Redd’s Apple Ale
Today’s Mistake: Redd’s Apple Ale. Is it ale? Is it cider? Do I care?
5% alcohol by volume
12 ounce bottle
The answer to all three questions is “absolutely not.” Except for maybe the second. Or maybe not. I cannot tell, because I’m blinded by Redd’s oppressive, unwavering shittiness. I’ve seen Redd’s at a few bars in Philadelphia, but I’m horrified/delighted to find out today that it’s made by Miller, or MillerCoors, or whatever they go by this month. They decided to call this thing an ale, rather than a cider, because I guess apple ale sounds manlier and we all know MillerCoors wants us to MAN UP and stop drinking like French people. But c’mon sons, this is cider all the way, and you know it. And that shitty marketing junk on the top makes me even angrier: “An exceptionally crisp apple ale.” You can almost see the jerk who thought that up close his eyes and pinch his fingers at “exceptionally.”
You know what it looks like MillerCoors? It looks like Stella Artois Cidre. That’s right, it closely resembles a Belgian cider. And a shitty one at that. Good thing it’s got some caramel color added.
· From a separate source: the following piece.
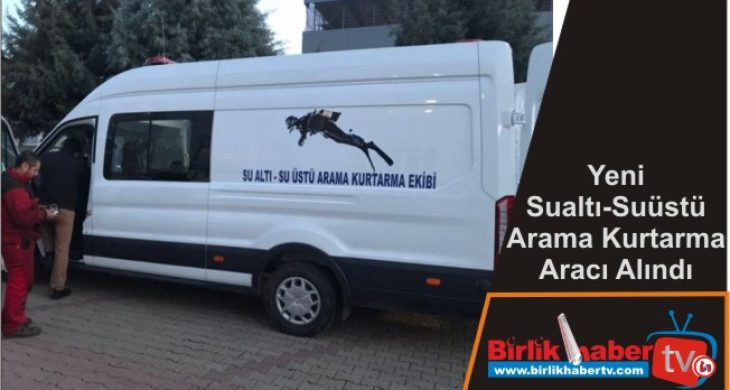 Yeni Sualtı-Suüstü Arama Kurtarma Aracı Alındı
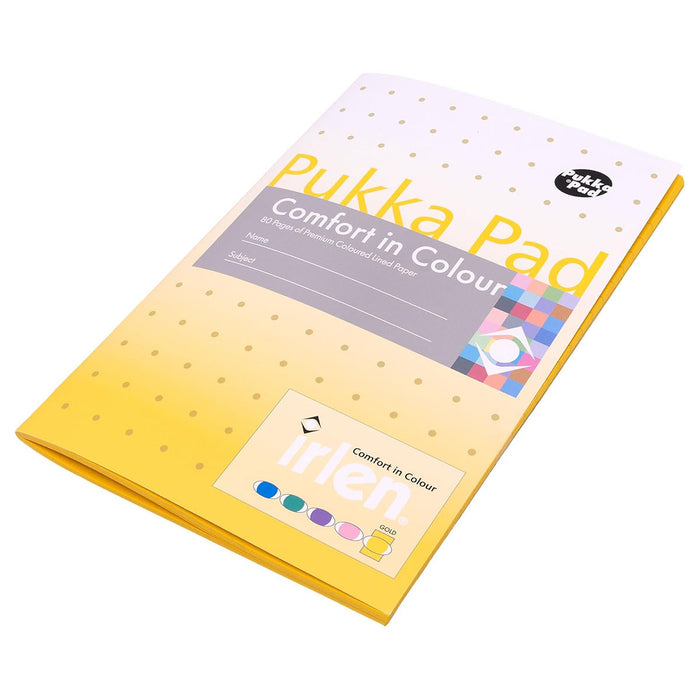 Pukka Pad Irlen Comfort in Colour Gold A5 Notepad (5 Pack)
Unlike most ciders, there’s no attempt made at masking the alcohol. This is easily the most disgusting apple flavored beverage I’ve ever had, and I once drank Everclear mixed with a Manzanita Sol. If I were an apple, I’d be offended.
Slightly carbonated, watery.
There is an apple on the label, which really helped me figure out what the flavor was supposed to be. “Apple ale” is just too confusing.
I will never buy this again, and I urge you to avoid it as well.
Redd’s Apple Ale is an abomination. If you happen upon it in a store, remove the bottles from the fridge and smash them on the ground. 1 out of a possible 5.